E foi com os dados de Sahim que o passaporte foi produzido e Nini fugiu, no dia 10 de Janeiro de 2015, através da fronteira da Namaacha, onde também recebeu ajuda de funcionários do SENAMI para sair do país. Da acusação do Ministério Público, consta que Sidália Esmeralda dos Santos (também arguida no processo de falsificação de passaportes para cidadãos nigerianos) é que terá produzido o documento de viagem. Mas Nini diz que não conhece, nunca viu e jamais terá mantido contacto com Sidália.

O “PAPEL” DE SIDÁLIA
Também Sidália dos Santos nega ter produzido o passaporte falso. Diz que, em Outubro de 2014, já tinha informação, através da Direcção de Migração da Cidade de Maputo, que não devia ser produzido passaporte a favor de Nini.
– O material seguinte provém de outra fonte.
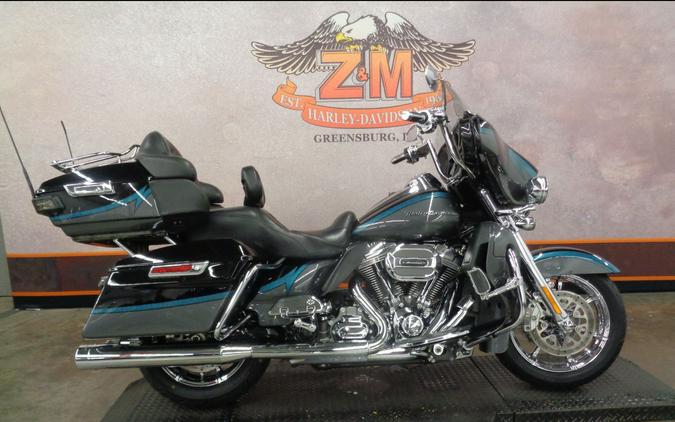 2015 Harley-Davidson CVO™ Limited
Reconhece, entretanto, que participou do processo de emissão do passaporte de Sahim, mas o documento não tinha fotografia de Nini, conforme o passaporte apareceu quando Nini foi preso em 2018. O que a leva ao banco dos réus é que a sua “password” de acesso às máquinas de produção de passaportes (99999906) aparece como tendo emitido o documento. Ademais, porque à data dos factos era coordenadora de equipa, a sua senha permitia que tivesse acesso a todas as máquinas necessárias para produzir um passaporte. Sidália diz, contudo, que apenas interveio em uma das mais de seis fazes de produção daquele documento.
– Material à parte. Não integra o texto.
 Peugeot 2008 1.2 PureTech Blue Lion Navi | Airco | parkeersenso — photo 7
SAHIM NÃO SABIA QUEO TIO USAVA SEU NOME
Sahim dos Santos é o nome que Nini usava desde 2014 até 2018, quando foi preso no estrangeiro. O nome e os dados que constavam do passaporte são do sobrinho de Nini. Perante o tribunal, disse que não sabia que o seu nome estava a ser usado pelo tio e que mantinha contacto com Nini, quando estava fora do país, mas este nunca o teria informado sobre o assunto. Afirmou que apenas tomou conhecimento através da imprensa, quando o tio foi preso e “ficou muito surpreso e preocupado com a situação”. Entretanto, da acusação, consta que Sahim recebia dinheiro de Nini, tal como aconteceu no ano passado, quando lhe foi dado, a título de empréstimo, o valor de 100 mil meticais.  A audiência de julgamento durou mais de sete horas. No fim, o Ministério Público e a defesa solicitaram que fossem notificados para comparecerem em tribunal três funcionários da Migração, nomeadamente, Esmeralda Lucas, que esteve na captação de dados do passaporte, e Aldo da Costa, que foi responsável pela verificação de dados, um processo que permite ver se a pessoa que solicita passaporte já tem outro ainda válido. A próxima audiência, também na B.O, está agendada para o próximo dia 03 de Maio.